Source information:
▼▼▼

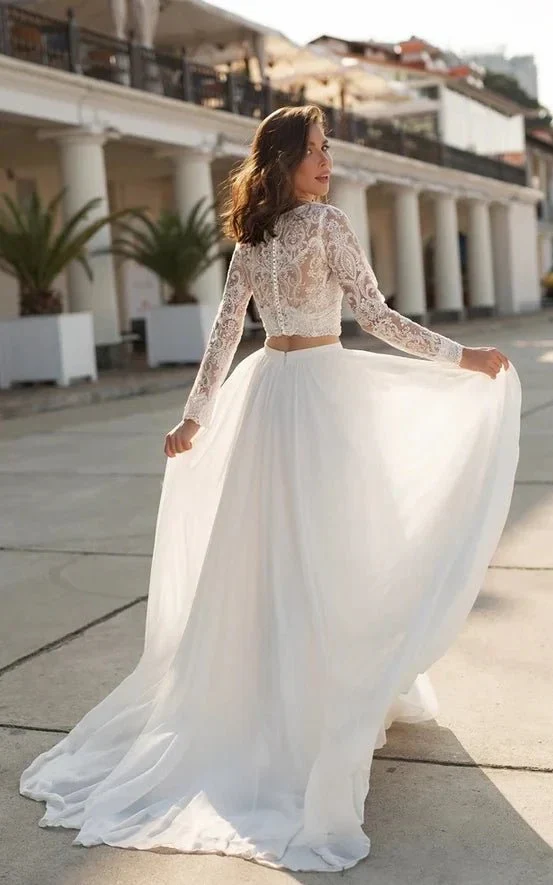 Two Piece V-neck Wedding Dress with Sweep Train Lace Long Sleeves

▲▲▲
▼▼▼

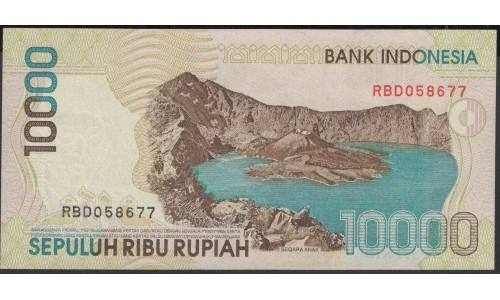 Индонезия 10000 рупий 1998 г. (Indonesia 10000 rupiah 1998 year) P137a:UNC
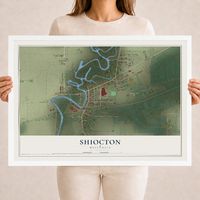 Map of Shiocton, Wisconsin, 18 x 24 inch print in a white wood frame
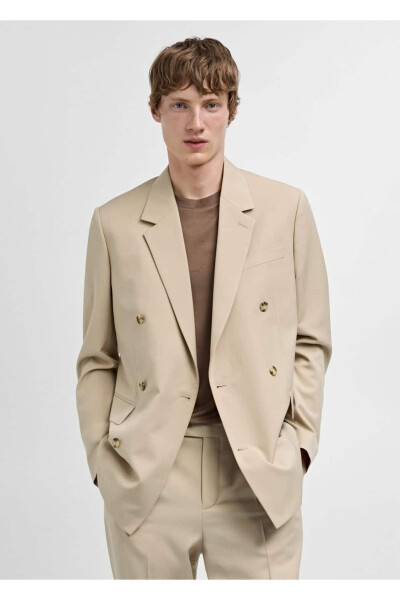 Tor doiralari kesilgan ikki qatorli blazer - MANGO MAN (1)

▲▲▲

What to work on:
What you return must match, character for character, the lines above from the one with "Map of Shiocton, Wisconsin, 18" through the one with "Tor doiralari kesilgan", minus any pictures.

Result:
 Map of Shiocton, Wisconsin, 18 x 24 inch print in a white wood frame
 Tor doiralari kesilgan ikki qatorli blazer - MANGO MAN (1)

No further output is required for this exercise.